With the proliferation of streaming data from sources such as sensors in the Internet of Things (IoT), situational aware applications become possible. Such applications react to situations in the surrounding world that are signaled by complex event patterns that occur in the sensor streams. In order to detect the patterns that correspond to the situations of interest, Complex Event Processing (CEP) is the paradigm of choice. In CEP, a distributed operator graph is spanned between the event sources and the applications. Each operator step-wise detects event patterns on subsequences, called windows, of its input stream and forwards output events that signal the detection to its successors. To cope with the ever-increasing workload at the operators, operator parallelization becomes necessary. To this end, data parallelization is a powerful paradigm, building on an architecture that consists of a splitter, operator instances and a merger, to scale up and scale out CEP operators. In doing so, the operators need to provide consistent output streams, i.e., not produce false-negatives or false-positives, keep a latency bound on pattern detection, elastically adapt their resource reservations to the workload, and be fault-tolerant against node and network failures. Related work has proposed data parallelization techniques that build on splitting the input event streams of an operator either in a key-based, a batch-based or a pane-based way. These approaches, however, only support a limited range of CEP operators.
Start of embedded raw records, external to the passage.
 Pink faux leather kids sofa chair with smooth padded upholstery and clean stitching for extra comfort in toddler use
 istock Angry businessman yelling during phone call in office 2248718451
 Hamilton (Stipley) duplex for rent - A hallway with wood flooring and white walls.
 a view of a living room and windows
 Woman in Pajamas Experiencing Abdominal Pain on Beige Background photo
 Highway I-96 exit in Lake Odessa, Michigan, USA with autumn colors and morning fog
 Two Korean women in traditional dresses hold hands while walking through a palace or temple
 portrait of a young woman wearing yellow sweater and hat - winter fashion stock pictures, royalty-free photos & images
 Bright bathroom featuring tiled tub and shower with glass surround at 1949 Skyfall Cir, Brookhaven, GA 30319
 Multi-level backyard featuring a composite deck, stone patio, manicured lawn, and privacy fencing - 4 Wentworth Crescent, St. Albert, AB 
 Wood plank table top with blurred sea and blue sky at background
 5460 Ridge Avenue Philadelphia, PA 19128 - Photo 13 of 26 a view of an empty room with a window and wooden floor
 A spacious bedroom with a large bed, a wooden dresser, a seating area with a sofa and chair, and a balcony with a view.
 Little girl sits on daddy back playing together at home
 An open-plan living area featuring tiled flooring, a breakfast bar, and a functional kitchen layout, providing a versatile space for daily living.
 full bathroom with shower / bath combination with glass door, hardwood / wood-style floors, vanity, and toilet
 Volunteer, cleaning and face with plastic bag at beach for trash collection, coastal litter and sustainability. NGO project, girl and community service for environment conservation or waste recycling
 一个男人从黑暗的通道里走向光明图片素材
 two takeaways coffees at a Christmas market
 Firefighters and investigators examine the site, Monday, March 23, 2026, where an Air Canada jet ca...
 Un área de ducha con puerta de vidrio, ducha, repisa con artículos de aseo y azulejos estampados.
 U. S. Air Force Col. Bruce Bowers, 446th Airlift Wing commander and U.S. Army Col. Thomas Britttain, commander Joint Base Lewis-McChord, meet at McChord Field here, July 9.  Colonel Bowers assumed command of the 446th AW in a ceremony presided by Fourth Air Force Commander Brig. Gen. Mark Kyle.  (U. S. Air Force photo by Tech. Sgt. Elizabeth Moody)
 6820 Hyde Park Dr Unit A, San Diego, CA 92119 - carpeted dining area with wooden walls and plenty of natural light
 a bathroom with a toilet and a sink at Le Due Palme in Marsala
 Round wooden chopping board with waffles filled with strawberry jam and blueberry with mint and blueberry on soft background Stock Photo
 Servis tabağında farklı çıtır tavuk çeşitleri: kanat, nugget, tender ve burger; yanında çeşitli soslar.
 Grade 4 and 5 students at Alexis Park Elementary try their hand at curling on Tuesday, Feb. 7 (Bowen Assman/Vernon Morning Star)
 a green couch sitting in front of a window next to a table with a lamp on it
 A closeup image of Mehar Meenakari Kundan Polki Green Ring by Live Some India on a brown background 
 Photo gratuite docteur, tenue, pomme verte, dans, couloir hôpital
The goals of this thesis are (i) to support data parallelization for all window-based CEP operators, (ii) to develop adaptation methods such that CEP operators can keep a user-defined latency bound while minimizing costs for computing and networking resources, and (iii) to develop recovery methods that guarantee fault-tolerance at a low run-time overhead.
To this end, the following contributions are made. First, we propose a window-based data parallelization method that is based on the externalization of the operator's window policy to a data parallelization framework. Second, basing on Queuing Theory, we propose a method to adapt the operator parallelization degree at run-time to the workload such that probabilistic bounds on the event buffering in the operator can be met. Third, we propose a batch scheduling algorithm that is able to assign subsequent overlapping windows to the same operator instance, so that communication overhead is minimized, while a latency bound in the operator instances is still kept. Forth, we propose a framework for parallel processing of inter-dependent windows that is based on the speculative processing of multiple versions of multiple windows in parallel. Fifth, we propose a lightweight rollback recovery method for CEP operator networks that exploits the externalization of the operator window policy to allow for the recovery of an arbitrary number of operators.